EXERCISE DESCRIPTION:
Leaving out all pictures, copy the lines below exactly, from the line with "Sonu Nirala" to the last line, both ends included.
========
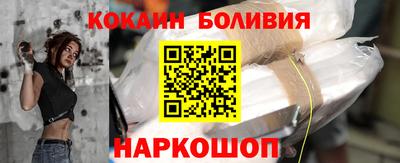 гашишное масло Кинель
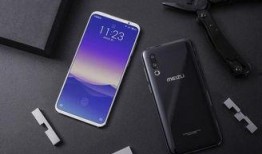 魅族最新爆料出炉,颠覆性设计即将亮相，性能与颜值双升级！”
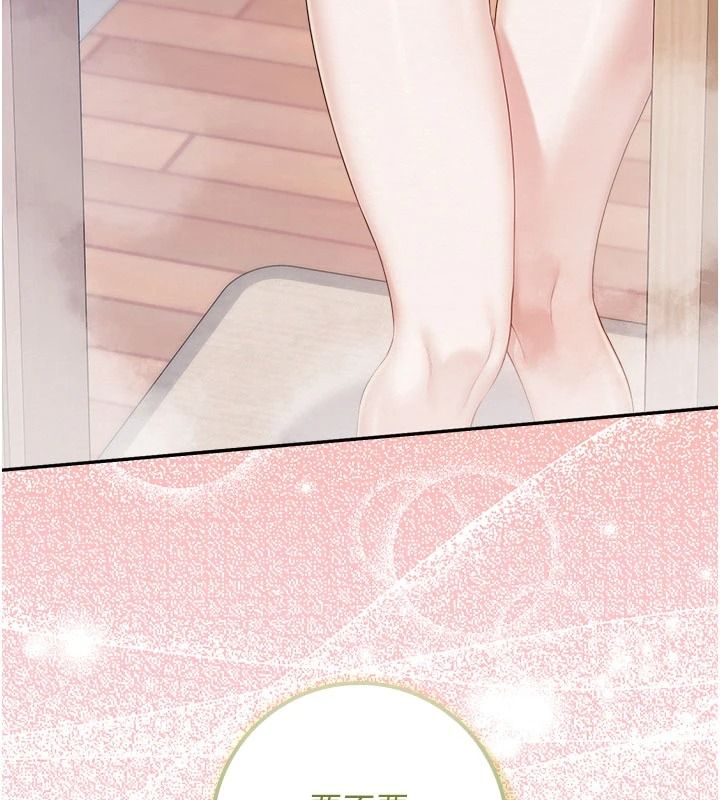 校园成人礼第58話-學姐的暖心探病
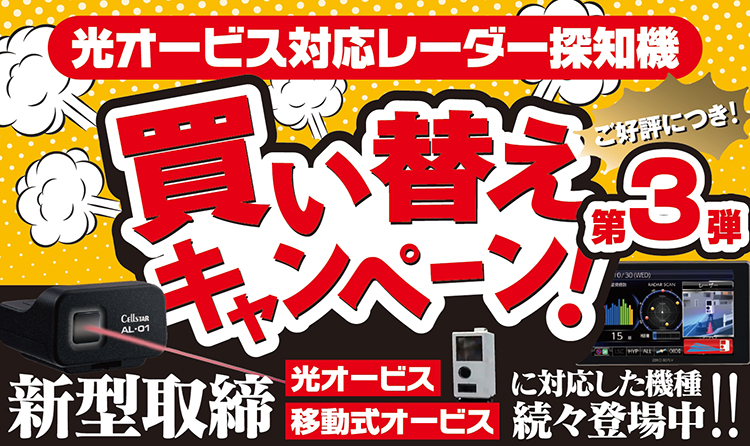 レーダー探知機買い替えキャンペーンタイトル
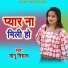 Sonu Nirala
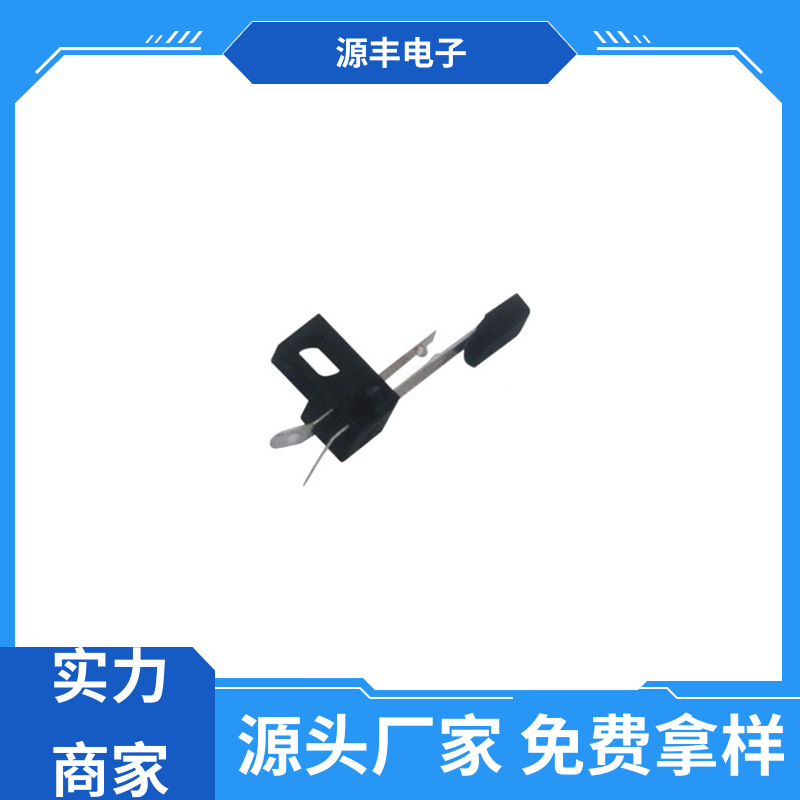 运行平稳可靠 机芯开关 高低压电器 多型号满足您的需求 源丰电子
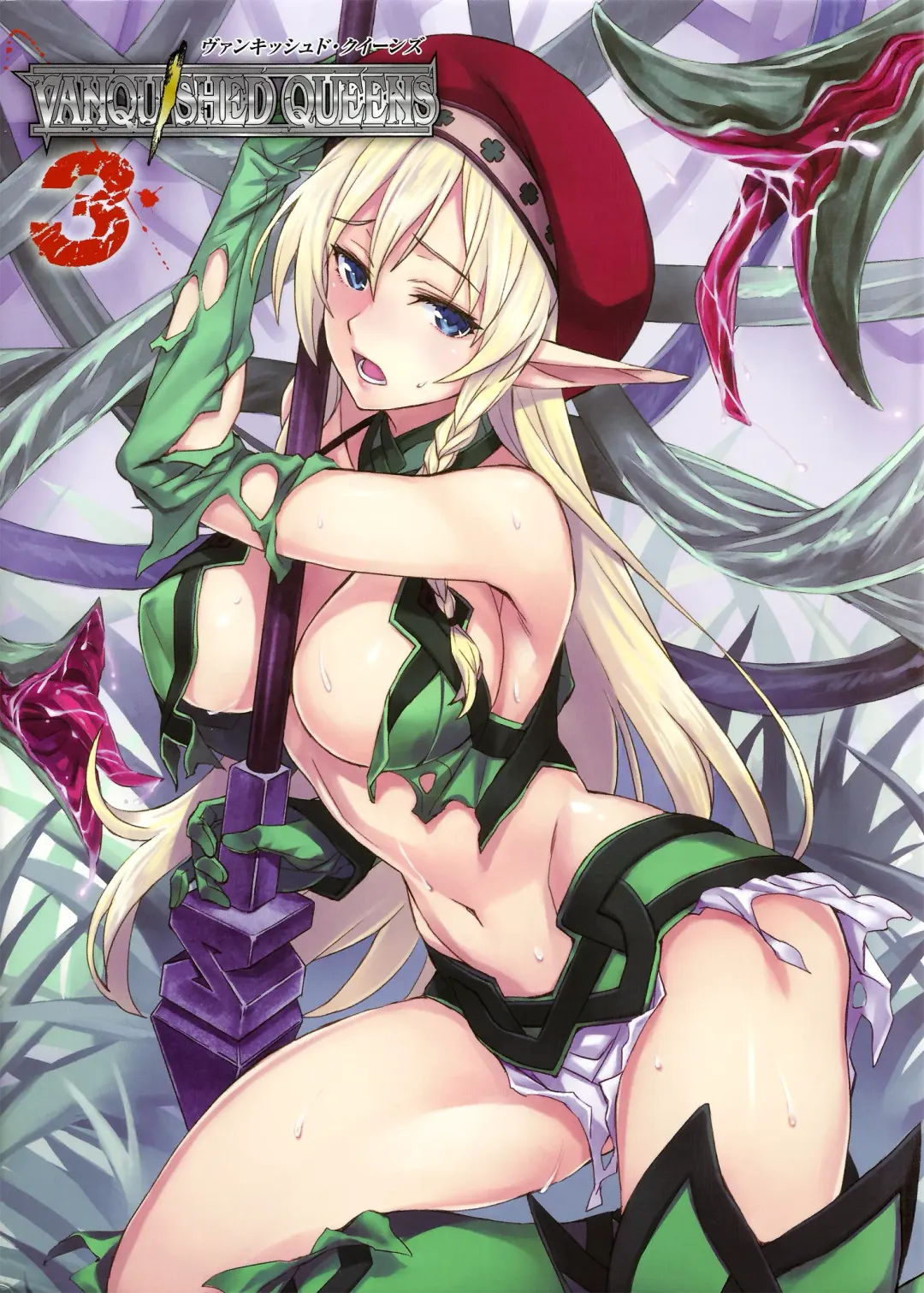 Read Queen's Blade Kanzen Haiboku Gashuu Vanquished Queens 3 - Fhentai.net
========
FINAL ANSWER:
 Sonu Nirala
 运行平稳可靠 机芯开关 高低压电器 多型号满足您的需求 源丰电子
 Read Queen's Blade Kanzen Haiboku Gashuu Vanquished Queens 3 - Fhentai.net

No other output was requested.